▶ _The data_
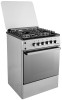 Плита для кухни IDEAL L 155 Cерая 4 Газ Конфорки Духовка Электро 65л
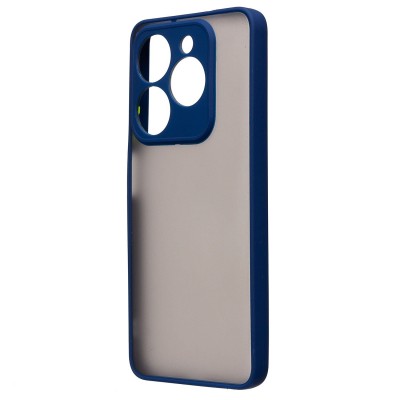 Чехол-накладка для Tecno Spark 20C (темно-синий) - PC041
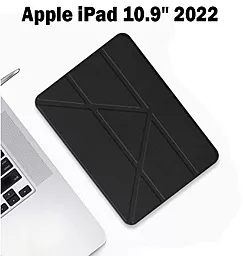 Чехол для планшета BeCover Ultra Slim Origami для Apple iPad 10.9" 2022 Black (708952)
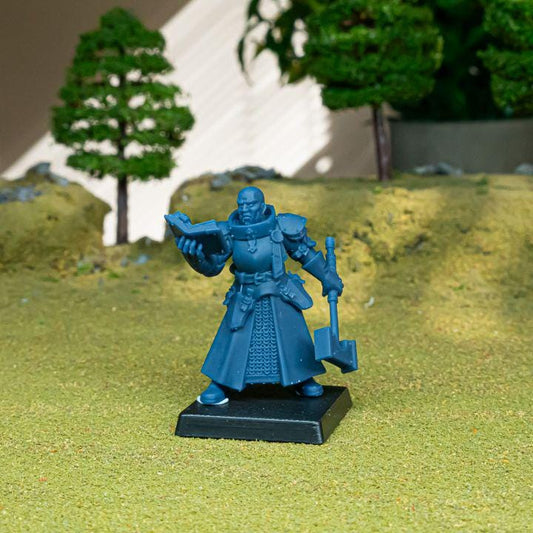 Sunland Battle Priest 2 Variants on Foot Highland Miniatures Hero Various Scales (US tariffs are pre-paid by us)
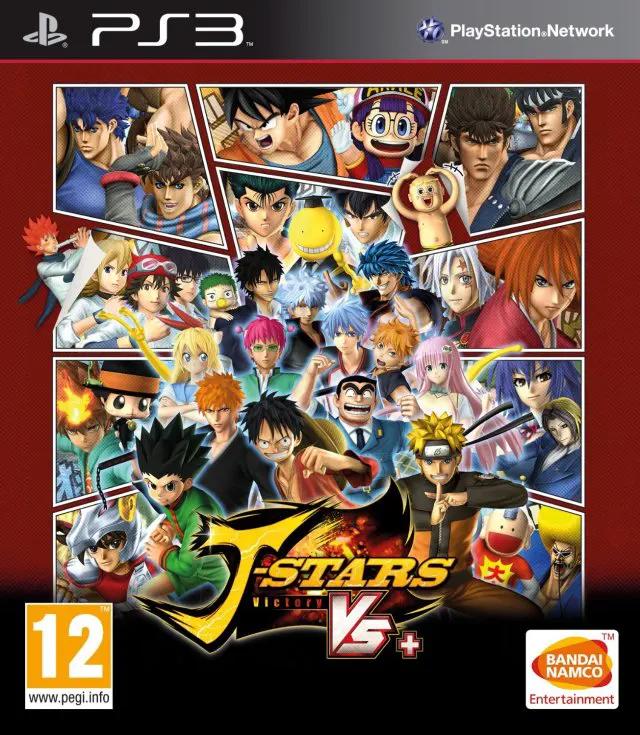 Game | Sony PlayStation PS3 | J-Stars Victory VS+ Physical Video Games Game Sony
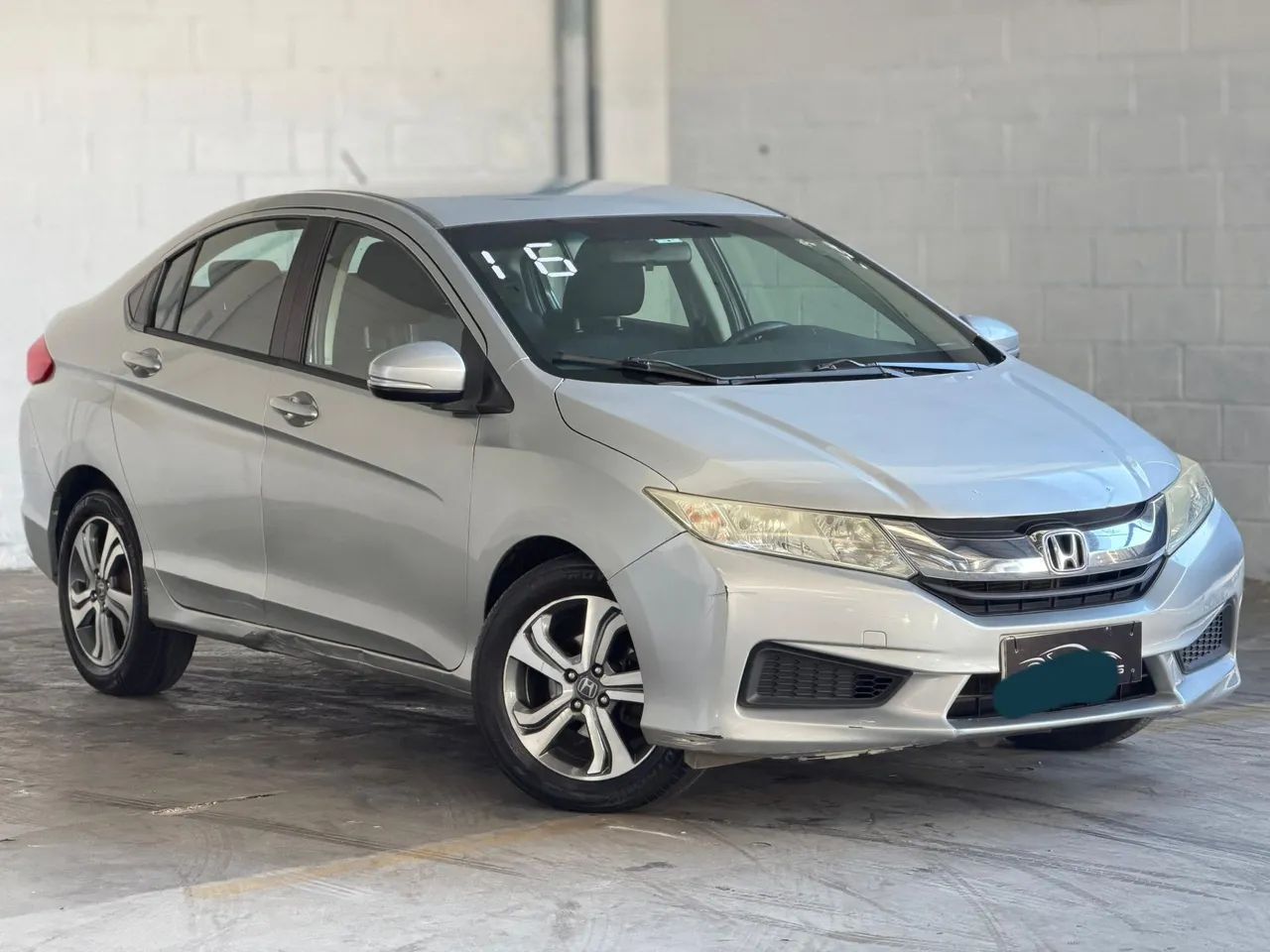 Honda City CITY Sedan EX 1.5 Flex 16V 4p Aut. 2016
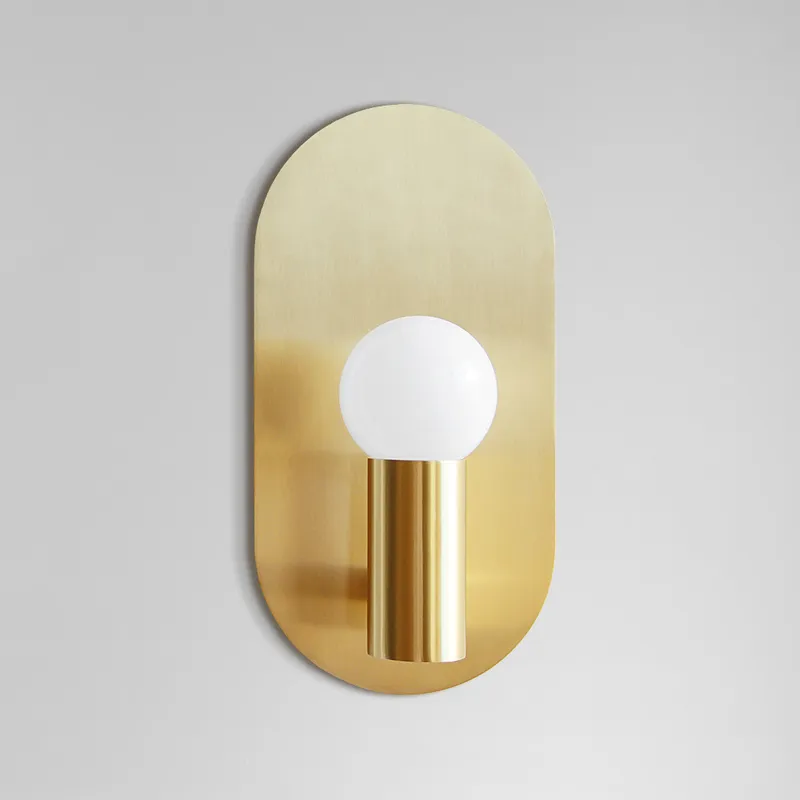 Nordic Creative Hotel Bedside  - Outdoor Lighting Brass review and price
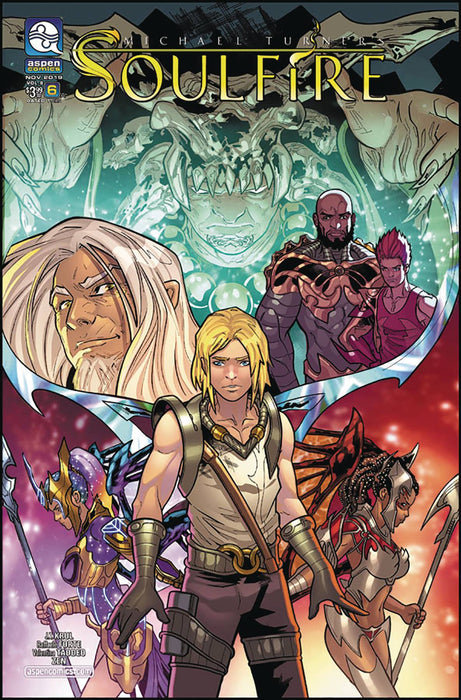 Soulfire Volume 8 (2019) #6 (COVER A FORTE)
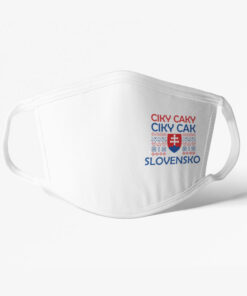 ciky caky biele Rúško Slovensko Ciky Caky Ciky Cak biele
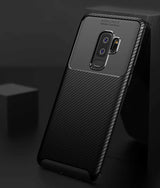 Galaxy S9 Plus Kılıf Zore Negro Silikon Kapak Siyah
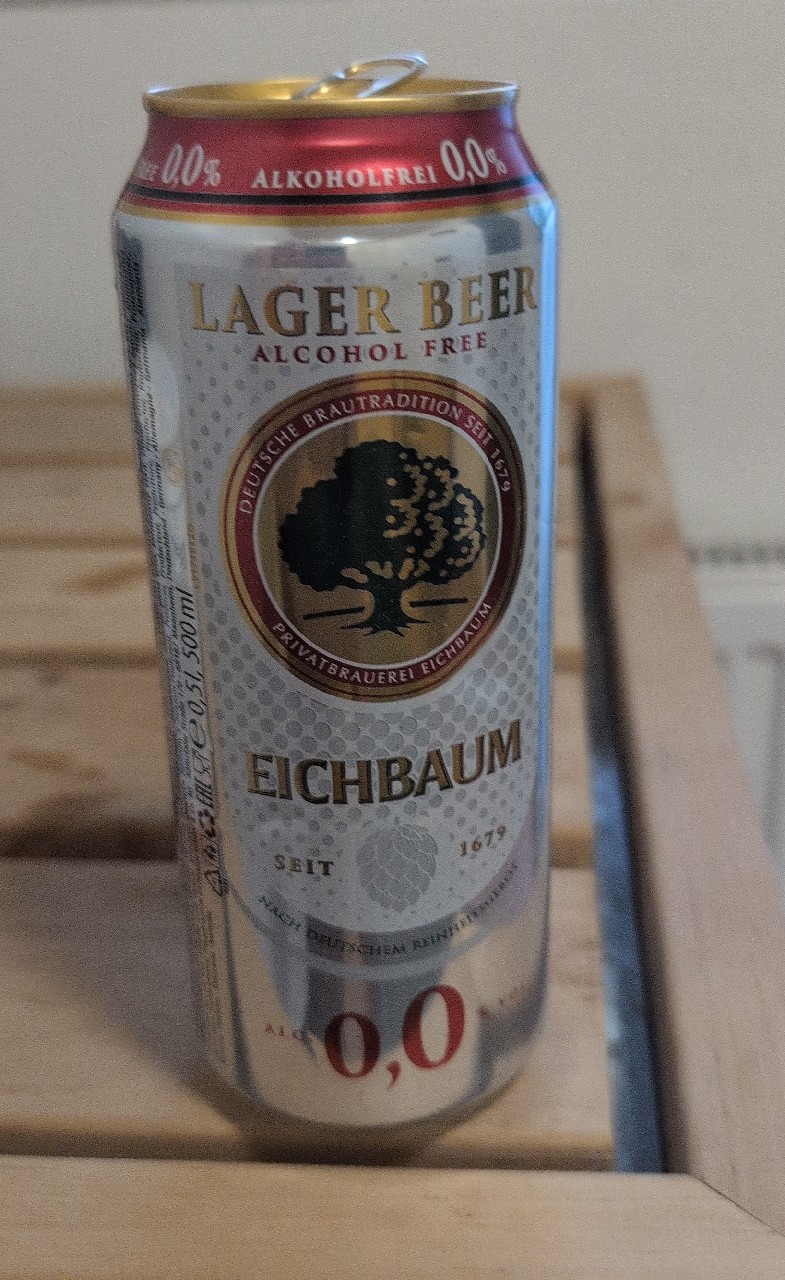 Lager Beer Alcohol free 0,0, Germany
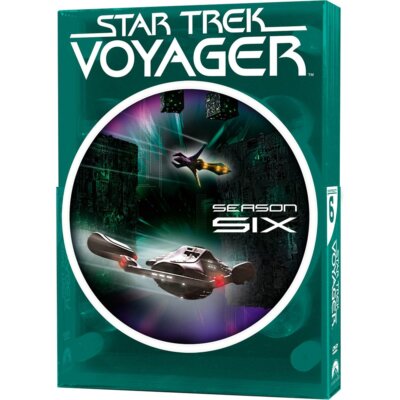 STAR TREK:VOYAGER COMPLETE SIXTH SEASON (DVD, 2004, 7-Disc Set)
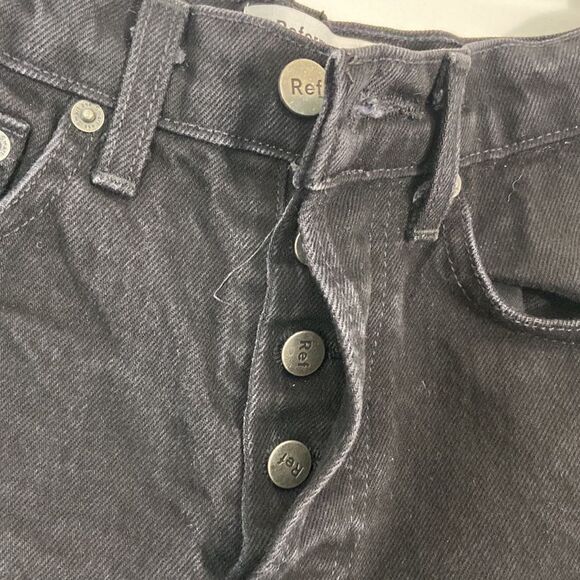 Reformation Dixie High Rise Shorts in Black Size 23 - Picture 6 of 8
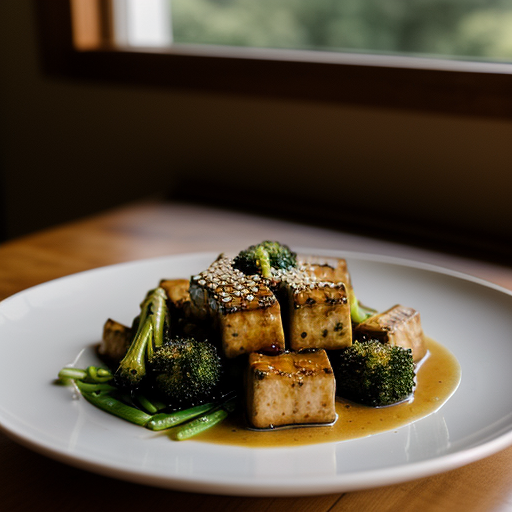 Thom Christopher's Wok-Sauteed Tofu & Vegetables recipe image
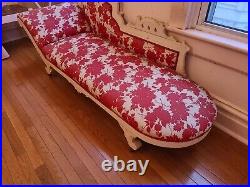 Eastlake Victorian Fainting Sofa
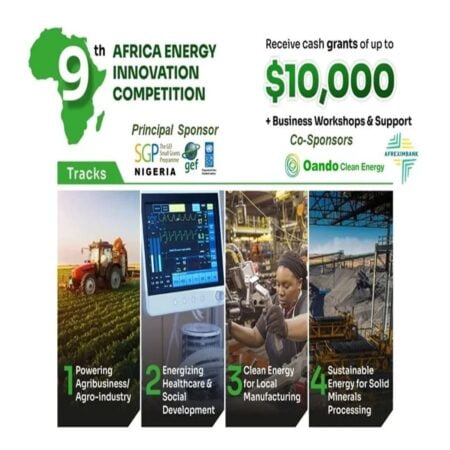 NEF Africa Energy Innovation Challenge 2024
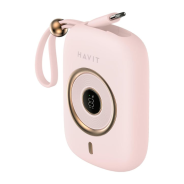 POWER BANK HAVIT PB5214 10000MAH PD35W ROSE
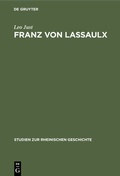 Bild: Franz von Lassaulx - De Gruyter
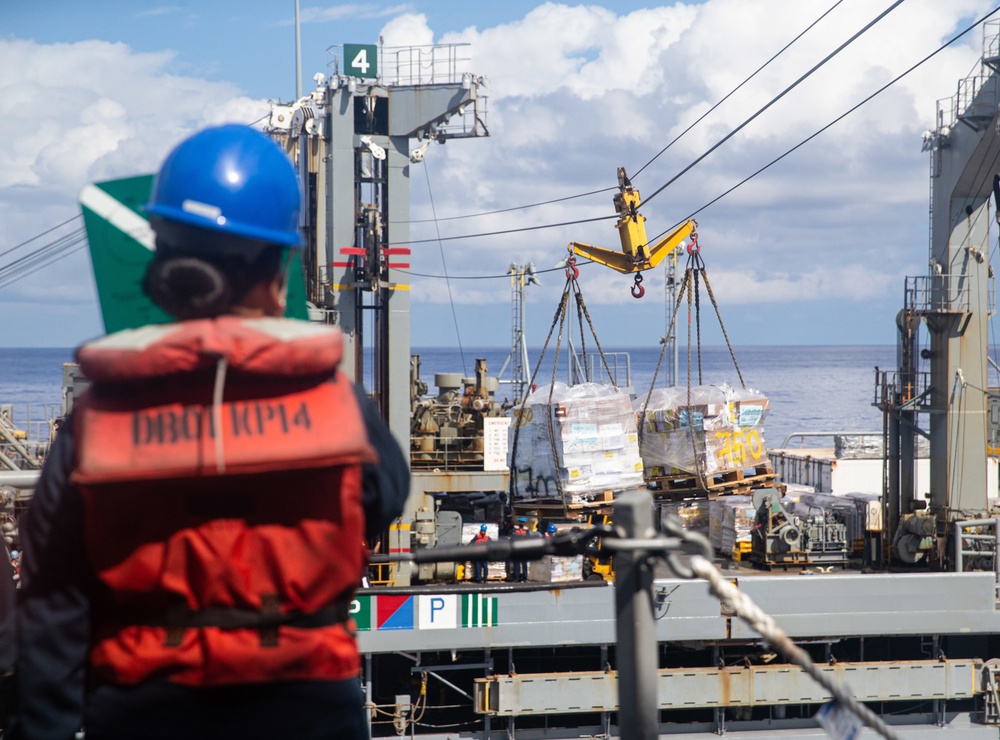 Replenishment at Sea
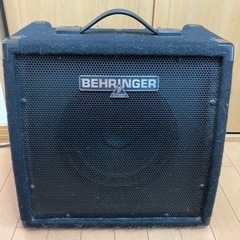 お話中　ジャンク　キーボードアンプ　BEHRINGER ULTR...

▶ _Task brief_
Return, exactly as they stand, the lines above from the one with "Sunland Battle Priest" to the one with "Reformation Dixie High", omitting any pictures among them.

▶ _The answer_
 Sunland Battle Priest 2 Variants on Foot Highland Miniatures Hero Various Scales (US tariffs are pre-paid by us)
 Game | Sony PlayStation PS3 | J-Stars Victory VS+ Physical Video Games Game Sony
 Honda City CITY Sedan EX 1.5 Flex 16V 4p Aut. 2016
 Nordic Creative Hotel Bedside  - Outdoor Lighting Brass review and price
 Soulfire Volume 8 (2019) #6 (COVER A FORTE)
 ciky caky biele Rúško Slovensko Ciky Caky Ciky Cak biele
 Galaxy S9 Plus Kılıf Zore Negro Silikon Kapak Siyah
 Lager Beer Alcohol free 0,0, Germany
 STAR TREK:VOYAGER COMPLETE SIXTH SEASON (DVD, 2004, 7-Disc Set)
 Reformation Dixie High Rise Shorts in Black Size 23 - Picture 6 of 8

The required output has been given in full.